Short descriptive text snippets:
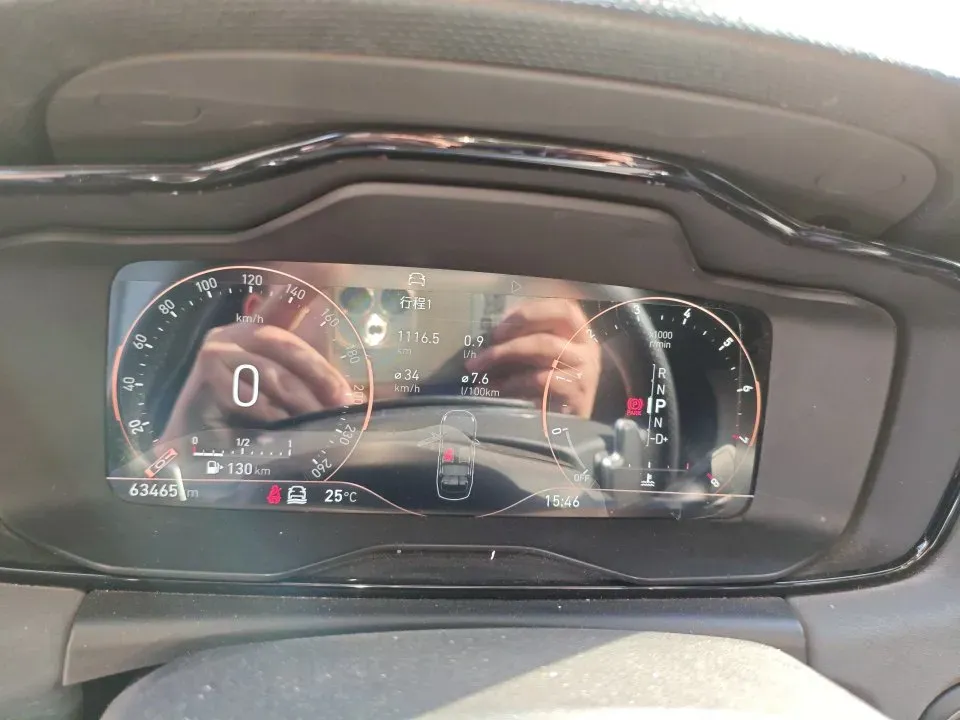 2021 LYNK&CO 03 1.5T 180HP L3 7DCT,autocango,china used car exporter,china ev exporter,chinese used car exporter,chinese used ev exporter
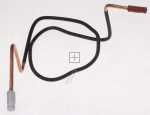 Haier Hose - 0060702335 49053648 Connecting Pipe For Cable Capacitor
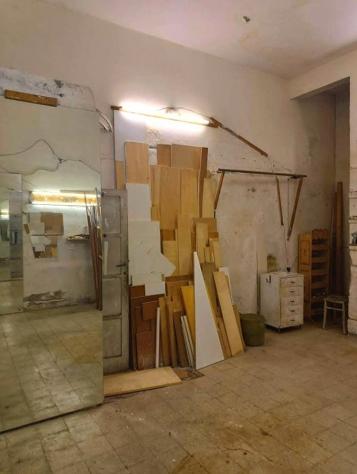 Artigianali in vendita a Roma - Foto 9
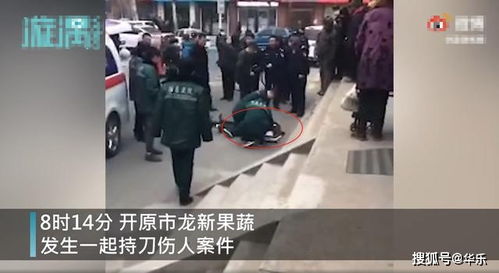 河北男子持刀捅死一人，死者疑为邯郸银行董事长，警方证实

请问我还可以做什么？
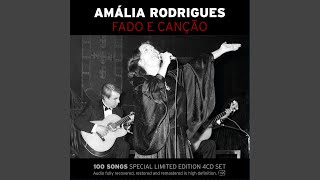 As rosas do meu caminho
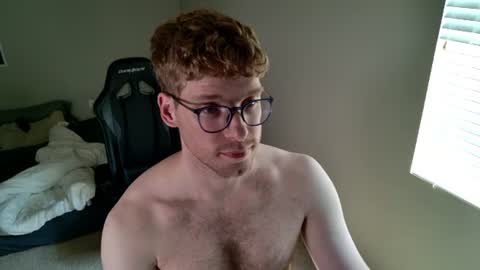 blueeyedtallguy online show from August 3, 9:33 pm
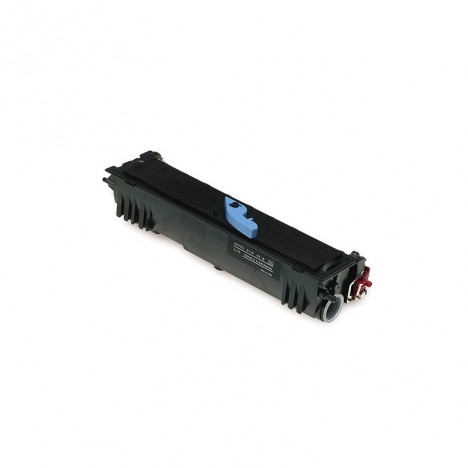 Toner Epson EPL-6200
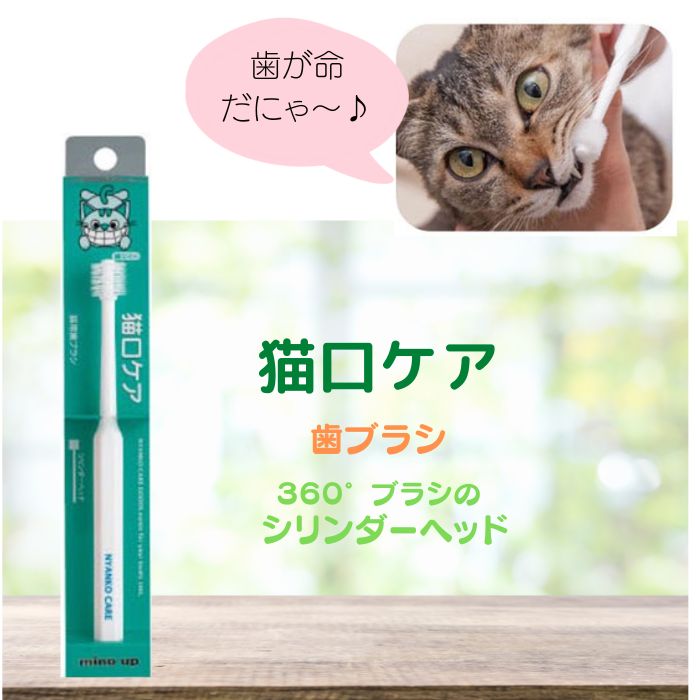 【新品未使用】犬口ケアお手軽歯みがきセット　81個 楽天市場】犬口ケア お手軽歯みがきセット マインドアップ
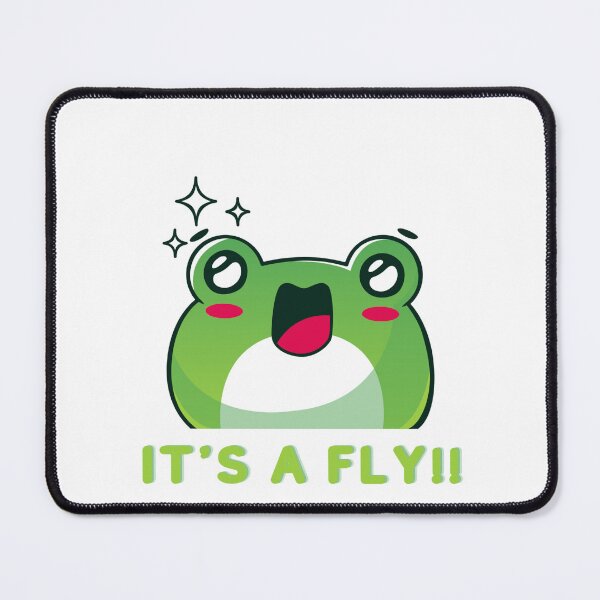Item preview, Frog Garf designed and sold by Hirohikoady.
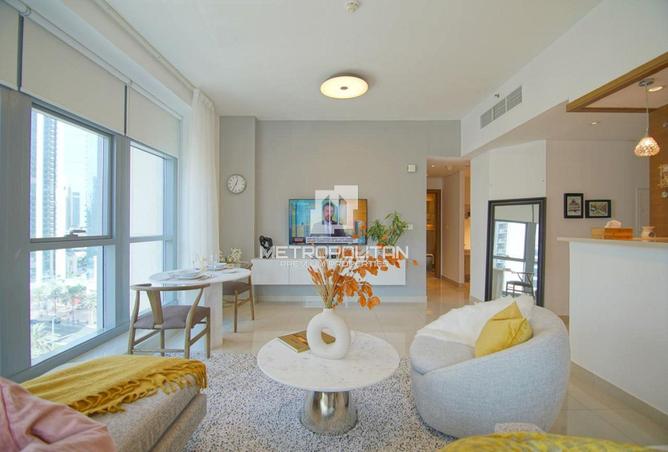 65155230 - صورة العقار 3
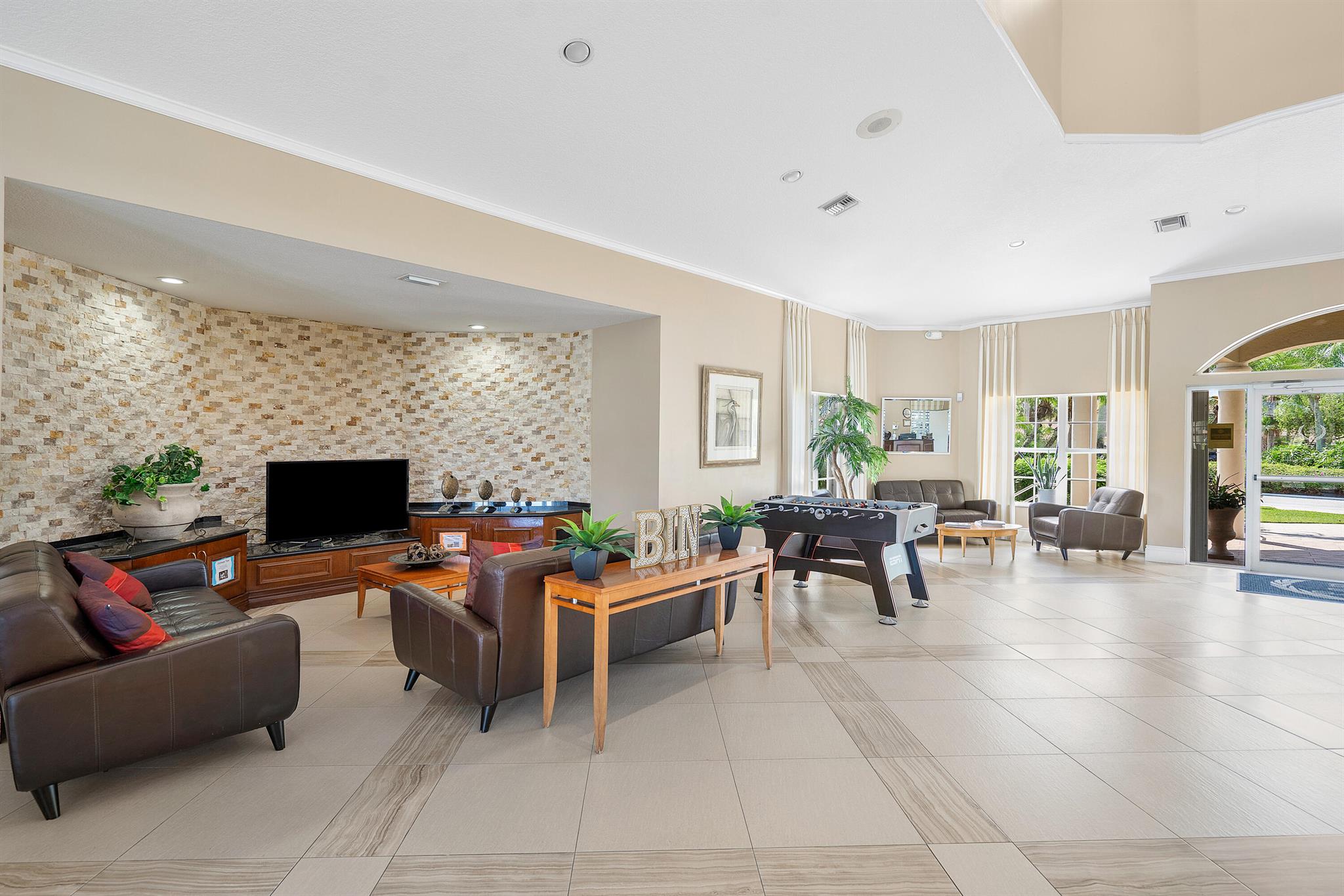 10824 Tea Olive Lane, Boca Raton FL 33498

▸ **Your goal**
No pictures should appear in the copy, and each record above is to be returned exactly.

▸ **Answer to this problem**
 2021 LYNK&CO 03 1.5T 180HP L3 7DCT,autocango,china used car exporter,china ev exporter,chinese used car exporter,chinese used ev exporter
 Haier Hose - 0060702335 49053648 Connecting Pipe For Cable Capacitor
 Artigianali in vendita a Roma - Foto 9
 河北男子持刀捅死一人，死者疑为邯郸银行董事长，警方证实

请问我还可以做什么？
 As rosas do meu caminho
 blueeyedtallguy online show from August 3, 9:33 pm
 Toner Epson EPL-6200
 【新品未使用】犬口ケアお手軽歯みがきセット　81個 楽天市場】犬口ケア お手軽歯みがきセット マインドアップ
Item preview, Frog Garf designed and sold by Hirohikoady.
 65155230 - صورة العقار 3
 10824 Tea Olive Lane, Boca Raton FL 33498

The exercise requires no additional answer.